| WORK TO COMPLETE |
Where the listing below has a line with "2956 Rice Creek Parkway NE, Blaine, MN 55449", write out exactly that line and every line after it, stopping after the line with "Volkswagen Jetta 2021 — Photo 13/32".
== == ==
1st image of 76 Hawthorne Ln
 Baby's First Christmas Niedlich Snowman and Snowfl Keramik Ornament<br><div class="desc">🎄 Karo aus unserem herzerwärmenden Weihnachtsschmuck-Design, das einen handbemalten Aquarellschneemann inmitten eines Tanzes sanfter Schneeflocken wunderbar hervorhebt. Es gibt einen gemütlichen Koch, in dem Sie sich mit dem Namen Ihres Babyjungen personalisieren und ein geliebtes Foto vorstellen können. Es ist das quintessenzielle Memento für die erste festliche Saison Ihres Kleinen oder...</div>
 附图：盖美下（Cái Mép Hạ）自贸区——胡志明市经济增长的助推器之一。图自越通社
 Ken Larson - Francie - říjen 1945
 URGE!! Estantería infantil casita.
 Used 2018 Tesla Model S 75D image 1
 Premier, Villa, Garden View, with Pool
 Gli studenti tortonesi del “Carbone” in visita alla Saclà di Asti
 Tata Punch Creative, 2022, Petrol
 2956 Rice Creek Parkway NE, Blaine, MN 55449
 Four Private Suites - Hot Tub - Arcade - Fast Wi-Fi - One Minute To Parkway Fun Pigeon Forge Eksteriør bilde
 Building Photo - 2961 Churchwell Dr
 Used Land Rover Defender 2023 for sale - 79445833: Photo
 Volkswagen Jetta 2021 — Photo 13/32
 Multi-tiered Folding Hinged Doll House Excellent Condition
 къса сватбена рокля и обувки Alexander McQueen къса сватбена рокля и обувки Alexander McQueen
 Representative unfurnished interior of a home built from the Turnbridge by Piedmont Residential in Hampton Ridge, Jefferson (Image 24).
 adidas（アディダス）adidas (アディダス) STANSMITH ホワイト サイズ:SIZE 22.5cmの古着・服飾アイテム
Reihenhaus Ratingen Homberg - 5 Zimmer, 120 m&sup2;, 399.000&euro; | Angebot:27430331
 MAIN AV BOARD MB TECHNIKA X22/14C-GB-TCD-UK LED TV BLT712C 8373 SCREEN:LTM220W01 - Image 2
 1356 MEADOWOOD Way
== == ==
| SOLUTION TO THIS EXERCISE |
 2956 Rice Creek Parkway NE, Blaine, MN 55449
 Four Private Suites - Hot Tub - Arcade - Fast Wi-Fi - One Minute To Parkway Fun Pigeon Forge Eksteriør bilde
 Building Photo - 2961 Churchwell Dr
 Used Land Rover Defender 2023 for sale - 79445833: Photo
 Volkswagen Jetta 2021 — Photo 13/32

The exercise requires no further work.